Original publication: December 2016
Authors: Michael Hahn, Institute for European and International; Economic Law & World Trade Institute, University of Bern; Pierre Sauvé, World Trade Institute, University of Bern
Short link to this post: http://bit.ly/2DN07XE
This study responds to a request by the European Parliament’s Committee on Culture and Education (CULT) for an analysis of the treatment of culture and education services in the recently-concluded EU-Canada Comprehensive Economic and Trade Agreement (CETA).

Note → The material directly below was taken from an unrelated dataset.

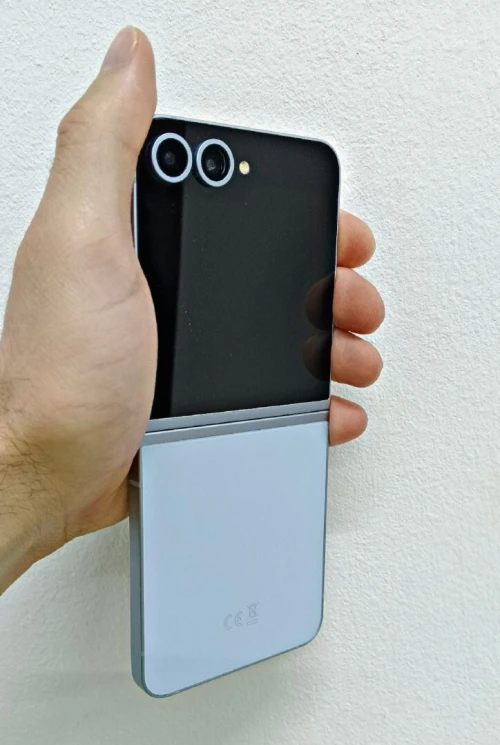 Samsung Galaxy Z Flip 6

The CETA marked (for the EU) significant changes in negotiating modalities in the fields of services and investment. This involved a shift in the manner in which the Parties undertake negotiated market opening commitments under the Treaty, from a WTO-GATS-type positive or hybrid list approach to a NAFTA-type negative list approach. Notwithstanding such changes, both Canada and the European Union have secured under the CETA negotiated outcomes fully aligned to – and wholly consistent with – those achieved by both Parties in their preceding trade and investment agreements at the bilateral, regional or multilateral levels. Simply put, the CETA marks no change to the long-held policy of both Parties to retain full policy immunity by eschewing substantive disciplines and market opening commitments in matters of culture and publicly- funded education services. In the case of Canada, however, an absence of reservations targeting measures governing privately-funded education services suggests that CETA has generated a WTOplus outcome in liberalization terms. The EU, for its part, has sought to preserve full policy immunity in regard to future measures governing both publicly- and privately-funded education services.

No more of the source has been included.